Dexamethasone is a steroid drug that reduces lung inflammation. It is given either by mouth (orally) or through a vein (IV; intravenously). When given to COVID-19 patients who were receiving oxygen alone or through mechanical ventilation, it reduced mortality.
The antiviral medication, remdesivir, is the only drug approved by the FDA to treat COVID-19. It is given intravenously. When compared against placebo in adults hospitalized with COVID-19 and respiratory infection, recovery time was shortened.
Pralatrexate is a chemotherapy drug used for treating lymphoma, a type of cancer. It is given intravenously. Lab experiments show pralatrexate inhibits coronavirus replication and appears to be better than remdesivir.
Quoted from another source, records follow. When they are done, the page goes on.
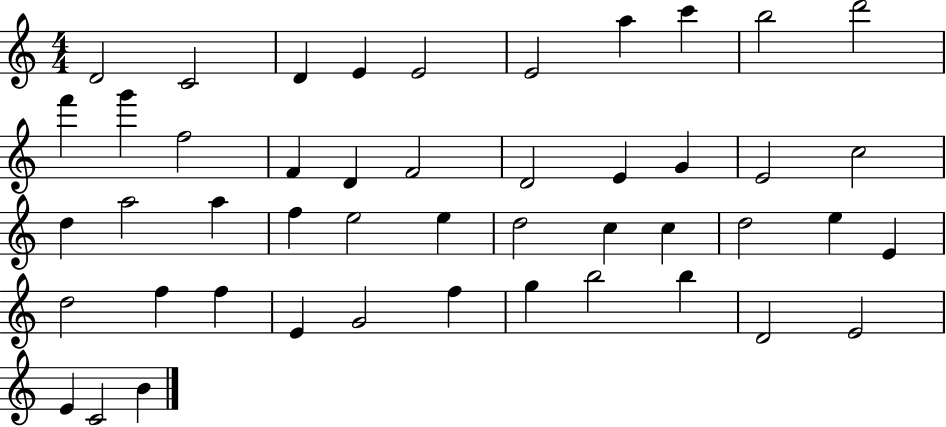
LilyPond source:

{
  \clef treble
  \numericTimeSignature
  \time 4/4
  \key c \major
  d'2 c'2 | d'4 e'4 e'2 | e'2 a''4 c'''4 | b''2 d'''2 | \break f'''4 g'''4 f''2 | f'4 d'4 f'2 | d'2 e'4 g'4 | e'2 c''2 | \break d''4 a''2 a''4 | f''4 e''2 e''4 | d''2 c''4 c''4 | d''2 e''4 e'4 | \break d''2 f''4 f''4 | e'4 g'2 f''4 | g''4 b''2 b''4 | d'2 e'2 | \break e'4 c'2 b'4 | \bar "|."
}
Yes, get the vaccines! They ready the immune system so that when you encounter the actual virus, you'll be able to fight it off. Many people are reporting that the second dose in the two-dose series is worse than the first. This is a common immune system reaction, and clinical trials predicted this. When you get the second dose, the immune system has been primed to recognize it and mount a stronger response. It's better to feel crummy for a day than to have the disease or its long-term consequences.
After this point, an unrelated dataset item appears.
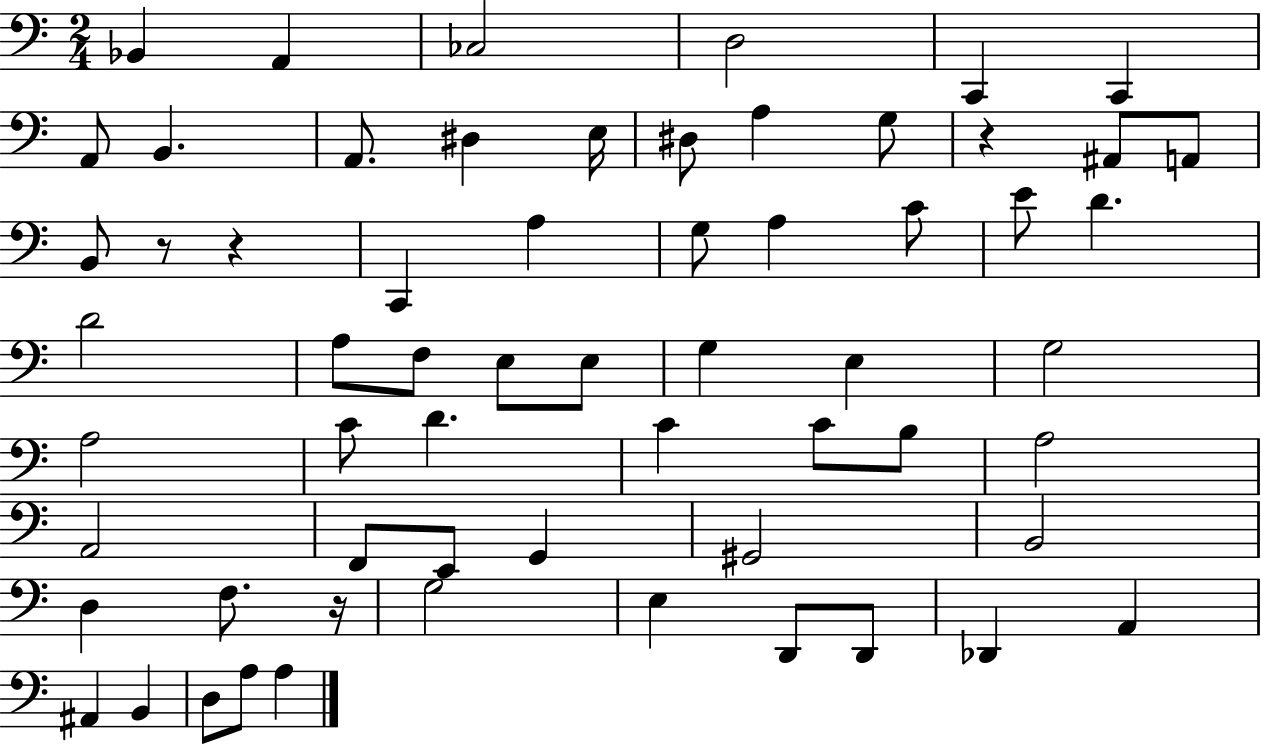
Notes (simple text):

Bb2/q A2/q CES3/h D3/h C2/q C2/q A2/e B2/q. A2/e. D#3/q E3/s D#3/e A3/q G3/e R/q A#2/e A2/e B2/e R/e R/q C2/q A3/q G3/e A3/q C4/e E4/e D4/q. D4/h A3/e F3/e E3/e E3/e G3/q E3/q G3/h A3/h C4/e D4/q. C4/q C4/e B3/e A3/h A2/h F2/e E2/e G2/q G#2/h B2/h D3/q F3/e. R/s G3/h E3/q D2/e D2/e Db2/q A2/q A#2/q B2/q D3/e A3/e A3/q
While there is still much that isn't known about sleep, from an immunological perspective, it is known that good things happen to body cells when we sleep. Sleep seems to strengthen our immune response while sleep deprivation hampers our immune response. During sleep, cytokines (remember them?) are released; conversely, sleep deprivation leads to decreased antibody production. The “perfect” number of hours per night needed varies; but research suggests 7-8 hours for adults, 9-10 hours for teens, and 10 or more for grade-schoolers. Pre-pandemic studies in some school districts showed that when the school day started later and students got more sleep, both grades and attendance improved. Puberty and circadian rhythms are the reason. Long-term sleep deprivation increases the risk for obesity, cardiovascular disease, diabetes, and infectious diseases (hello, coronavirus).
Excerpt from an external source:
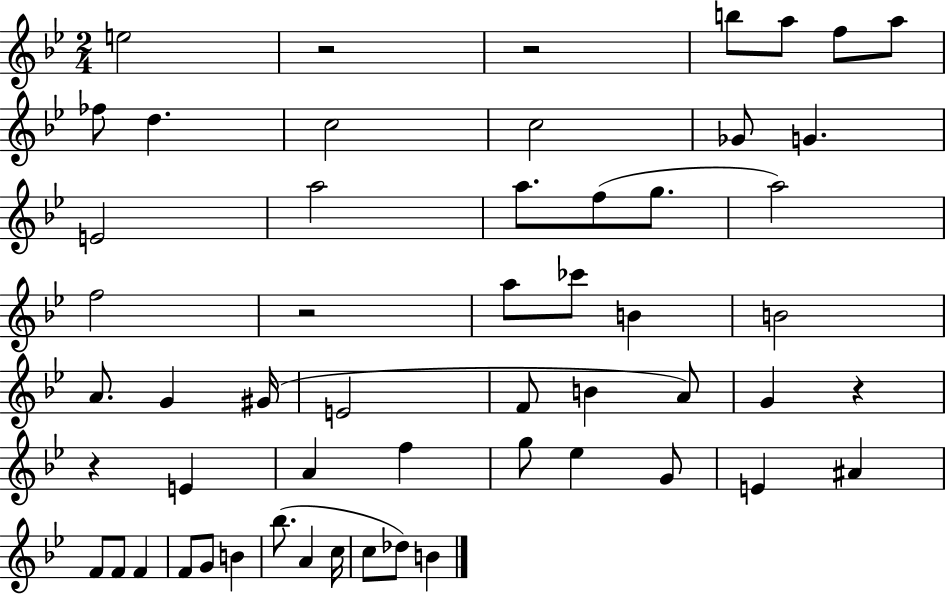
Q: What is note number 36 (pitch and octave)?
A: G4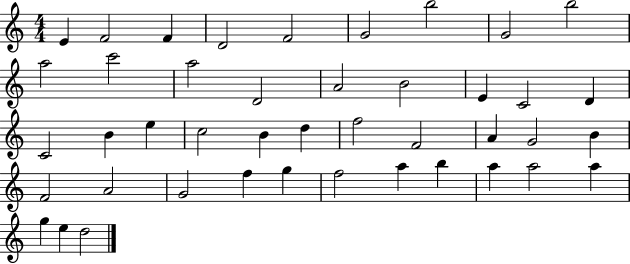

While it is known that we get lots of benefits from exercise, such as decreasing cardiovascular disease risk, it's not entirely clear what role exercise plays in the immune response. We know that exercise decreases stress hormones (those chemicals that dampen the immune system); and aerobic exercise clears the lungs and enhances cardiorespiratory responses. Physical activity makes us feel better, and that's enough to keep doing it.
The Great Outdoors
In addition to eating well, getting plenty of sleep, and exercising, just being outdoors has therapeutic effects. As little as two hours per week of spending time in nature boosts immune cells. You don’t have to do much other than walking around outside, taking in the sights, smells, sounds, and other stimuli of being outdoors. The Japanese call it “shinrin-yoku,” which means forest bathing. It’s a practice that has been around for quite some time and is making the news-waves right now because it’s good preventive medicine. Research shows that it has both physiological and psychological benefits like lowering cortisol (stress hormone) levels, pulse, and blood pressure. Moreover, it increases parasympathetic (rest-and-digest) activity and decreases sympathetic (fight-or-flight) activity.
While it might be cold, we know the benefits of getting outside, breathing fresh air, and connecting with our natural world. Good ole nature therapy. Time for magic mushrooms, er, forest medicine.